Fields v. City of Philadelphia, No. 16-1650 (3d Cir. 2017)Annotate this Case
Geraci, part of a police watchdog group, attended an anti-fracking protest at the Philadelphia Convention Center, carrying her camera and a pink bandana that identified her as a legal observer. When the police acted to arrest a protestor, Geraci moved to record the arrest without interfering. An officer pinned Geraci against a pillar for a few minutes, preventing her from observing or recording the arrest. Fields, a Temple University sophomore, was on a public sidewalk where he observed officers across the street breaking up a party. He took a photograph. An officer ordered him to leave. Fields refused; the officer arrested him, confiscated and searched Fields’ phone, and opened several photos. The officer released Fields with a citation for “Obstructing Highway and Other Public Passages.” The charge was later withdrawn. Fields and Geraci brought 42 U.S.C. 1983 claims, alleging First Amendment retaliation.

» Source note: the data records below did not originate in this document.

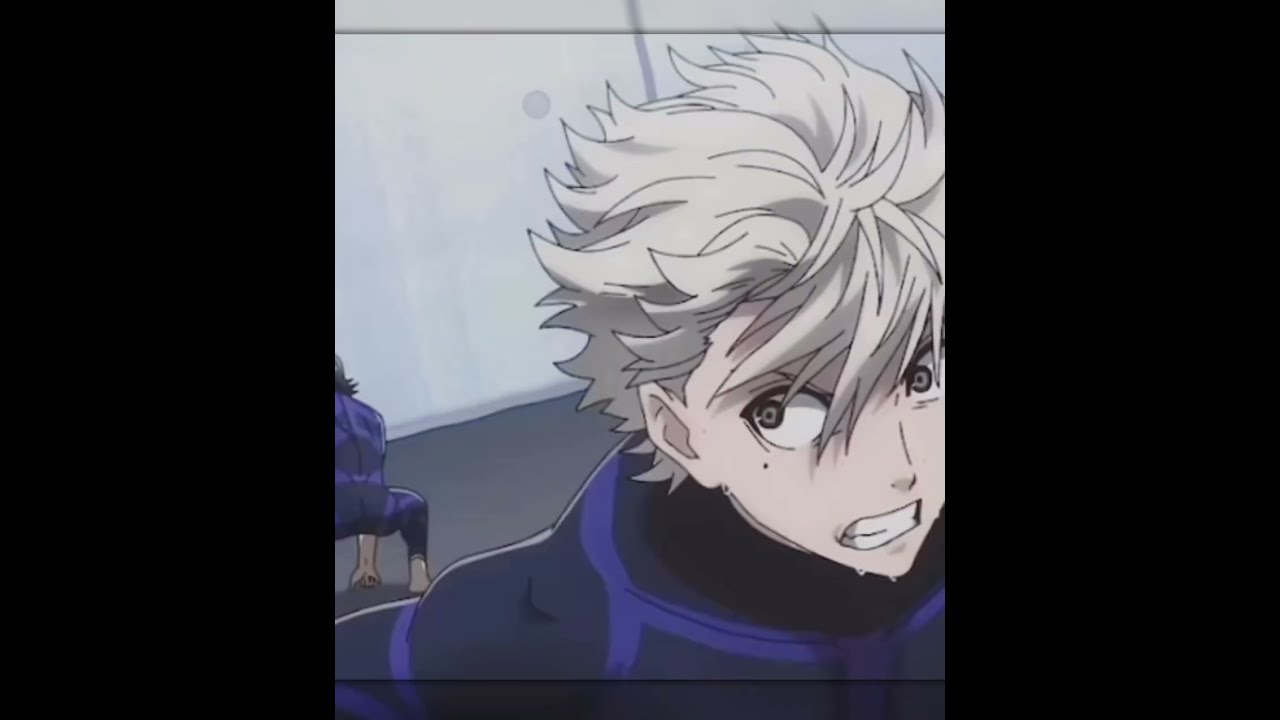 Kira Got Humbled Foryou Bluelock Edit Capcut Anime Bluelockedit Skulledit Football Fyp Fy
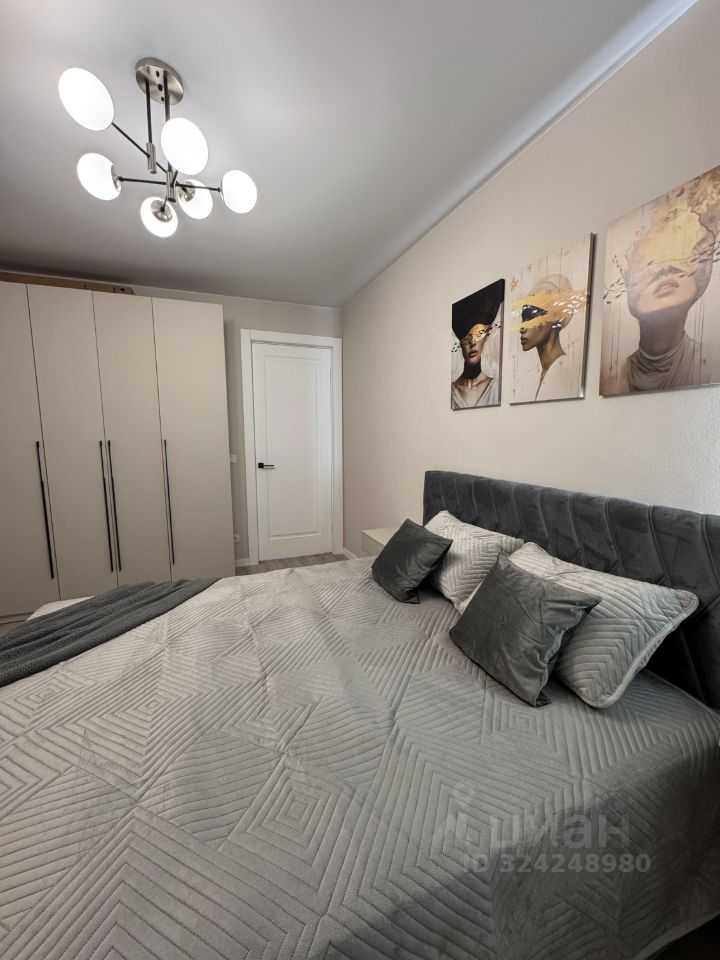 1-комнатная квартира, 35 м² — фотография 3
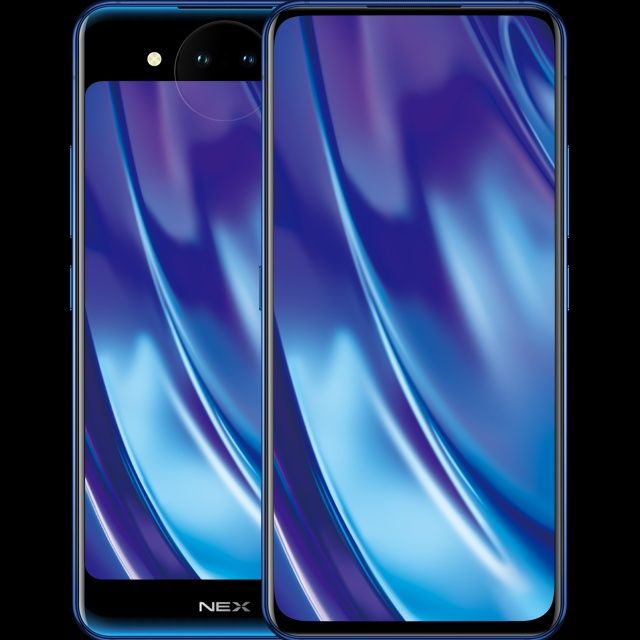 Vivo next dual display 10RAM 128gb два екрана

Although the Police Department’s official policies recognized their First Amendment right, the district court granted the defendants summary judgment on those claims, finding no evidence that plaintiffs’ “conduct may be construed as expression of a belief or criticism of police activity.” The Third Circuit reversed, noting that every circuit that has addressed the issue has found that the First Amendment protects the act of photographing or otherwise recording police officers conducting their official duties in public.
The court issued a subsequent related opinion or order on July 13, 2017.